MATERIAL FOR THE TASK:
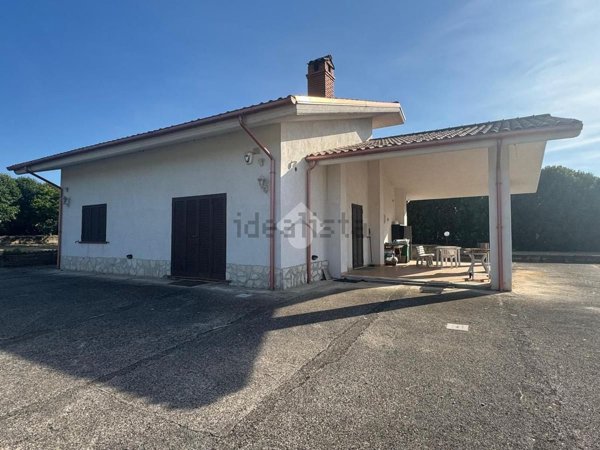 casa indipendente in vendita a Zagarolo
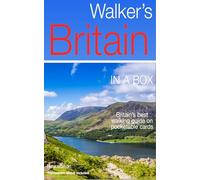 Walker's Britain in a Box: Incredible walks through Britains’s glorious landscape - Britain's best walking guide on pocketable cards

--

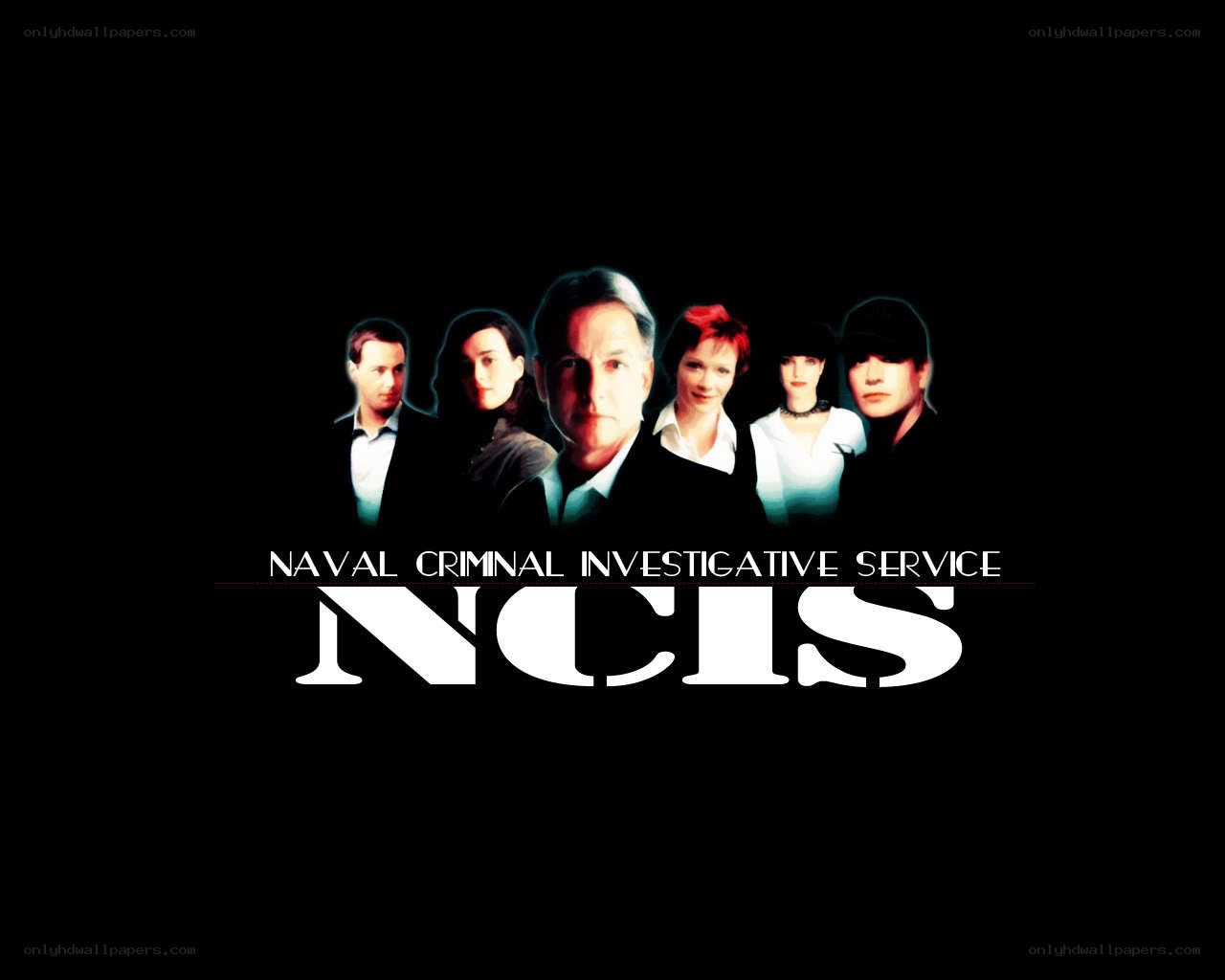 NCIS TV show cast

WHAT THIS TASK INVOLVES: Reproduce the listing above from the line that holds "casa indipendente in vendita a Zagarolo" through the line that holds "Walker's Britain in", both included, with the pictures left out.

COMPLETED EXERCISE:
 casa indipendente in vendita a Zagarolo
 Walker's Britain in a Box: Incredible walks through Britains’s glorious landscape - Britain's best walking guide on pocketable cards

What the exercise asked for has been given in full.